Directions: Nothing should appear in the answer except the lines from the one with "Fashion Women Hollow" through the end of the listing below, transcribed exactly and without pictures.

Start of Provided data

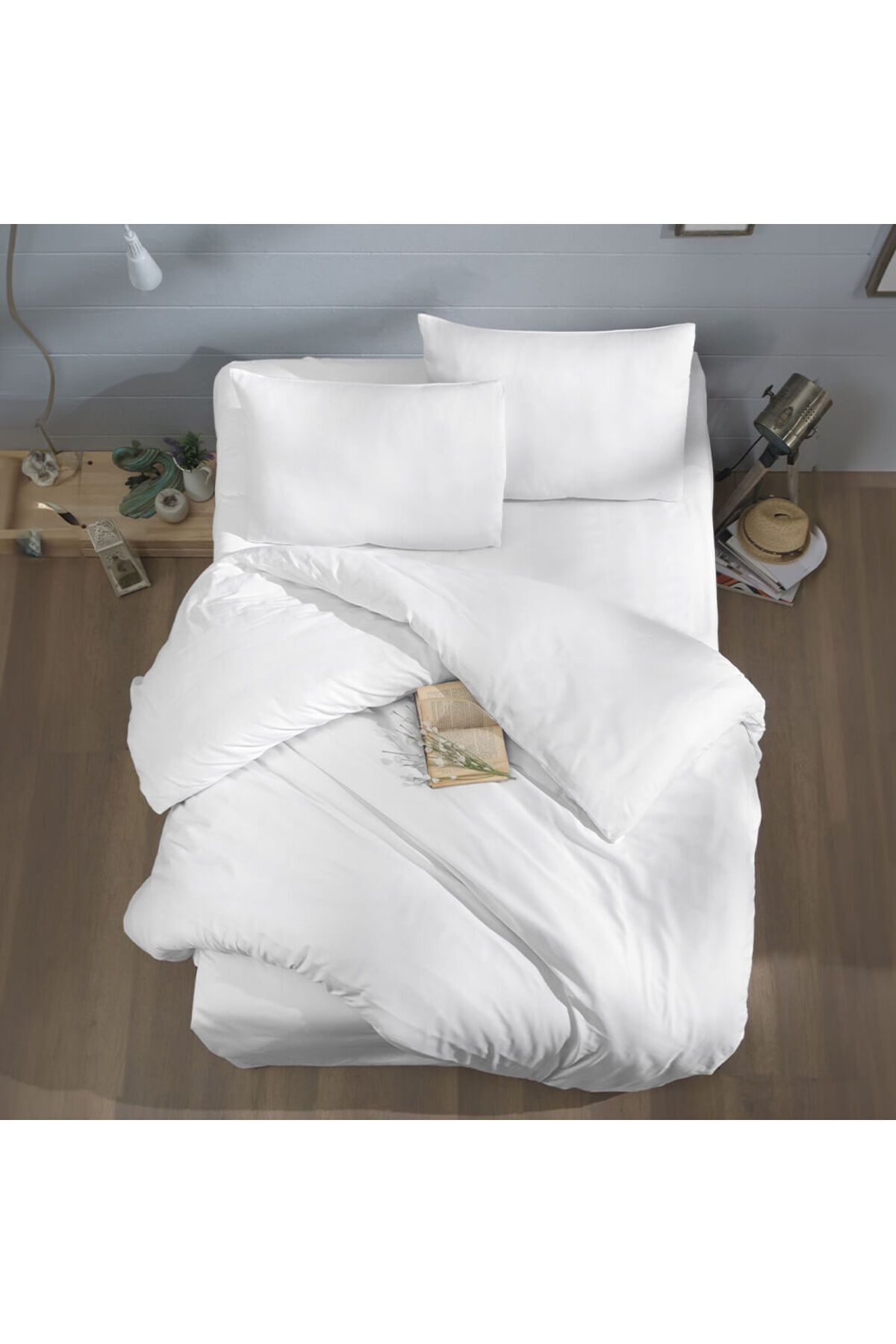 Homelux Lenjerie De Pat Pentru 2 Persoane Casa Alb, 100% Bumbac Satinat, Alb - 200 x 220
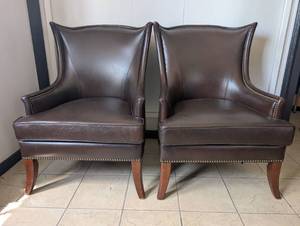 Bombay Brown Leather Wingback Armchairs with Nailhead Trim - 2 ct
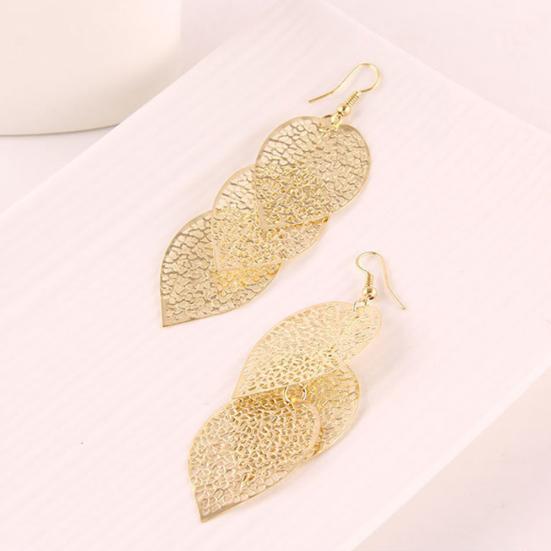Fashion Women Hollow Leaf Shaped Drop Dangle Hook Earrings Party Jewelry Gifts
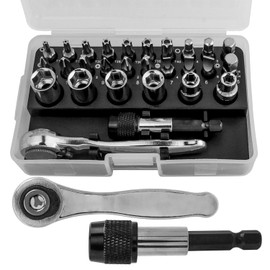 Gasea 28 in 1 Ratchet Set, 1/4" Right Angle Screwdriver Mini Socket Set, 72 Tooth Small Ratchet Wrench Offset Ratchet Screwdriver, 1/4" Sockets and Torx Slotted Hex Phillips Bits Repair Tool Kit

End of Provided data

Task response:
Fashion Women Hollow Leaf Shaped Drop Dangle Hook Earrings Party Jewelry Gifts
 Gasea 28 in 1 Ratchet Set, 1/4" Right Angle Screwdriver Mini Socket Set, 72 Tooth Small Ratchet Wrench Offset Ratchet Screwdriver, 1/4" Sockets and Torx Slotted Hex Phillips Bits Repair Tool Kit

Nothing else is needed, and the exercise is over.